No matter what your reasons are for harvesting trees from your forested land, you need to keep in mind the various cutting methods of logging.

Forest management is a diverse industry that is constantly evolving. In the past conventional logging practices had little regard for the environment and conservation. As a result, clearing land and large-scale deforestation was the go-to practice employed by many logging companies. Trees are still a valuable commodity; however, the forest they grow on requires proper management so that they may grow sustainably and continue to provide a habitat for indigenous wildlife, as well as a haven for the natural flora that grows in it.

No matter what your reasons are for harvesting trees from your forested land, you need to keep in mind the various cutting methods of logging. Each method has its own merits and drawbacks. You need to be aware of the ones that would be the most suitable for you. They must align with your plans, encourage sustainability, and should be in line with the rules and regulations stipulated by forest governing bodies in your region.

Even Aged Management

Shelterwood System

An even aged method of regenerating forest stands where the overstory is removed in intervals roughly 15 years apart.

Long shelterwood method is a cutting plan where a forest stand is regenerated in three entries.

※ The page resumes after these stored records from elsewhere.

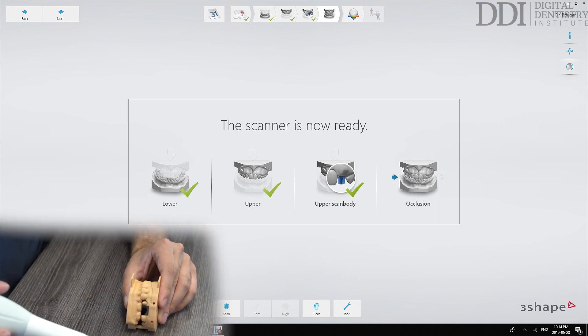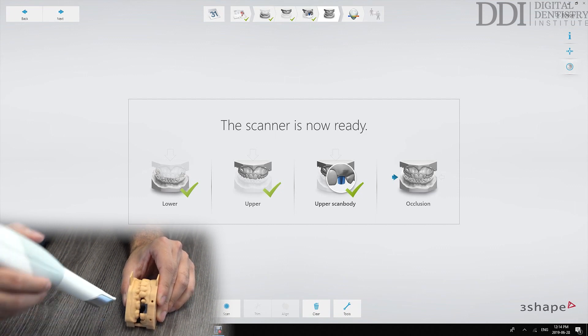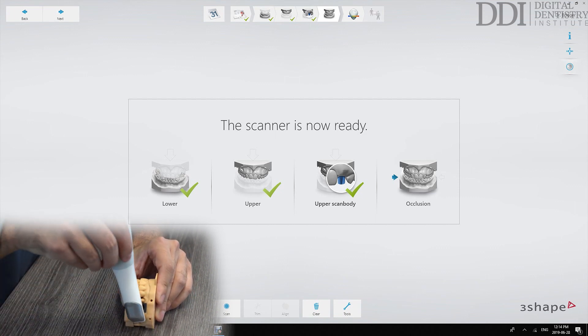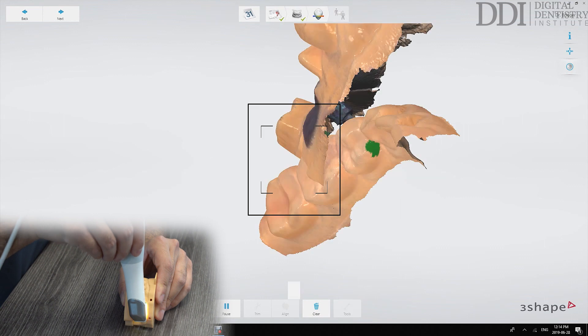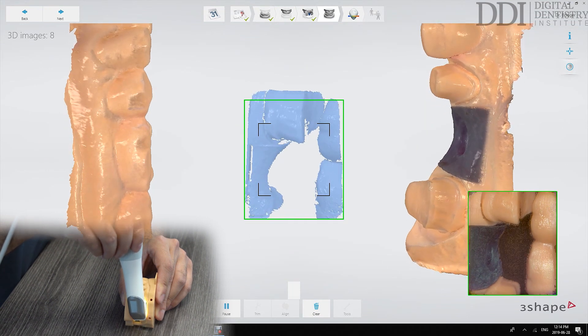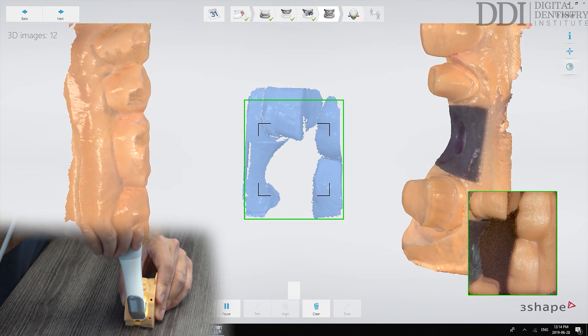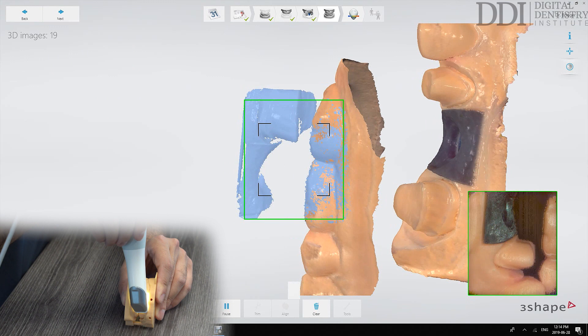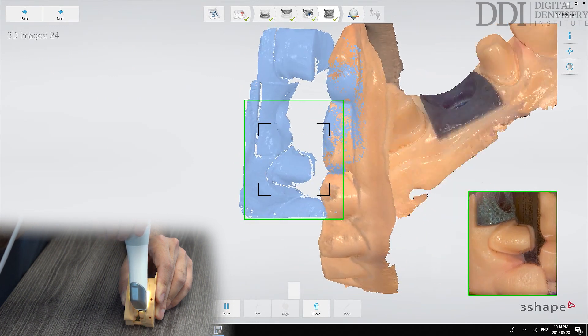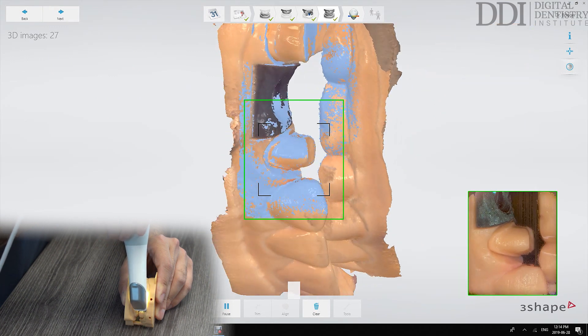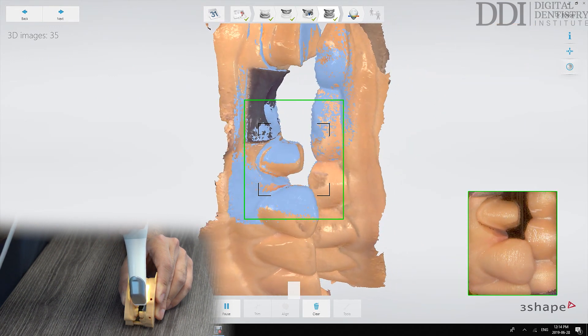So once the patient is in that accurate jaw relationship position we'll take a buccal bite scan. What we're looking for is to capture enough of both the upper and the lower dentition to allow the software to merge both of those files into the correct occlusal relationship.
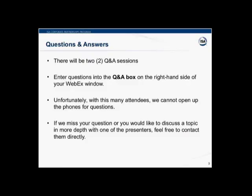We will have two Q&A sessions today: one 10-minute Q&A within the presentation, and another session at the end. If we are unable to get to your question during the midway Q&A, we will hold it until the final Q&A session. To submit your questions, simply type them into the Q&A box on the right-hand side of your screen. If you're viewing with others at your site, please designate a scribe to submit your group's questions. Do not use the chat toolbox for Q&A. If we don't get a chance to respond to your question, please feel free to contact the presenters directly.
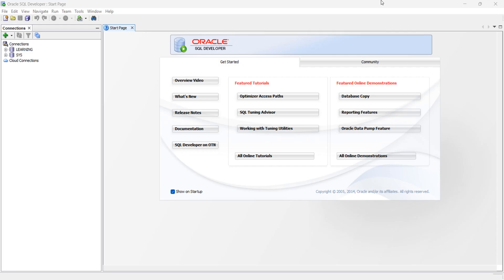Hello friends, welcome to the new session of Oracle SQL Developer tips and tricks for beginners. In this session, we are going to see how to integrate SQL Developer with Visual Studio Code. Visual Studio has recently released an extension for SQL Developer. With that, we can integrate SQL Developer with Visual Studio Code.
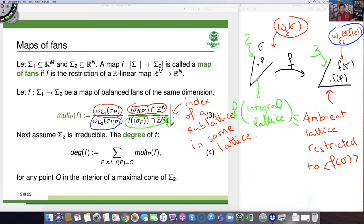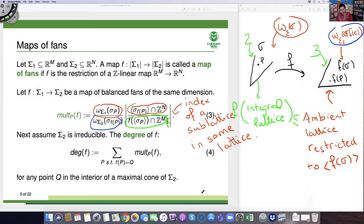Under reasonable assumptions on the target fan, given a map of balanced weighted fans, we have a well-defined degree independent of which point in the target you take. This will be an exercise in the problem session tomorrow. The pre-image of the chosen point Q should be in the interior of a maximal cone. Because of the requirement that we can subdivide fans so that cones map to cones, the inverse images are automatically in the interior of maximal cones, where weight functions are defined.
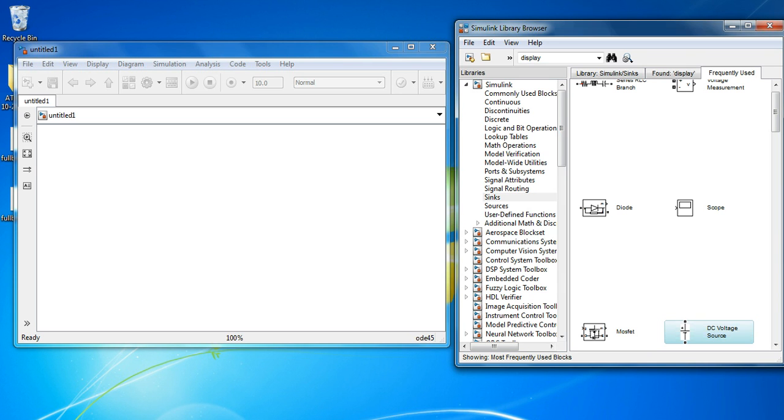Hello friends! Today I am showing a simulation of a Buck-Boost Converter.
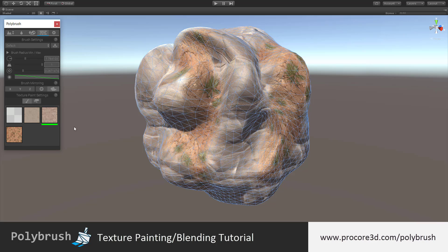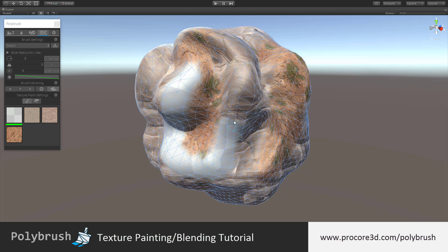To begin, simply click on any texture you'd like to paint in the panel here. It will be indicated as active by the green underline, and once selected, you can begin painting onto the mesh.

  • The first entry is designed to tend the stand, removing at risk and poorly formed trees. Crop trees are identified, retained, and thinned around to focus site resources on the best growing stock. This is a fairly light entry removing about 1/3 of the growing stock. The establishment of regeneration is not an objective.
  • The second entry is designed to initiate regeneration by removing about ½ of the stand volume. This can be accomplished evenly throughout the stand, or in small groups that vary in size relative to the stand conditions and species composition.
  • The last entry, some 15 or so years after the second entry, is designed to release the regeneration established during the second entry. This entry is often referred to as an overstory removal as the balance of the mature stand is harvested. Some overwood can be retained to facilitate habitat or structural objectives of the landowner.


Clearcutting is an even-aged regeneration method where all of the trees in a stand are removed at one time. This creates an environment where more shade intoleratnt trees are allowed to become established and all of the trees in the new forest stand are approximately the same age. This method works well with more shallow rooted tree species like red spruce and balsam fir which is more of a northern forest type. These stands typically would not remain windfirm under different regeneration methods like shelterwood. The forest types we typically encounter in the southern portion of our service area, like red oak and white pine do not typically require this more industrial type regeneration method. The exception would be severely high-graded stands where all of the well formed trees have been removed during prior treatments.

Uneven Aged Management

Shelterwood System

Unevenaged management is a planned sequence of treatments or cuts designed to establish and maintain a forest stand with at least three distinct age classes. This is typically accomplished with single tree selection, group selection, or a combination. These treatments are typically more frequent than even aged methods and removal less volume and value each time but can be a good option for those forest landowners looking for more periodic income.

· Single tree selection is a cutting method where individual trees of all size/age classes are removed more or less uniformly throughout the stand to promote the growth of the remaining trees and to provide space for regeneration. A portion of the mature trees are removed during each entry as are the malformed and diseased trees in the younger age/size classes.

· Group selection is a cutting method where trees are removed and new age classes are established in small groups. The goal here is similar to that of single tree selection where a portion of the older age classes are removed while also tending the younger age classes. The difference is that the removals are concentrated in small groups or patches rather than uniformly throughout the stand.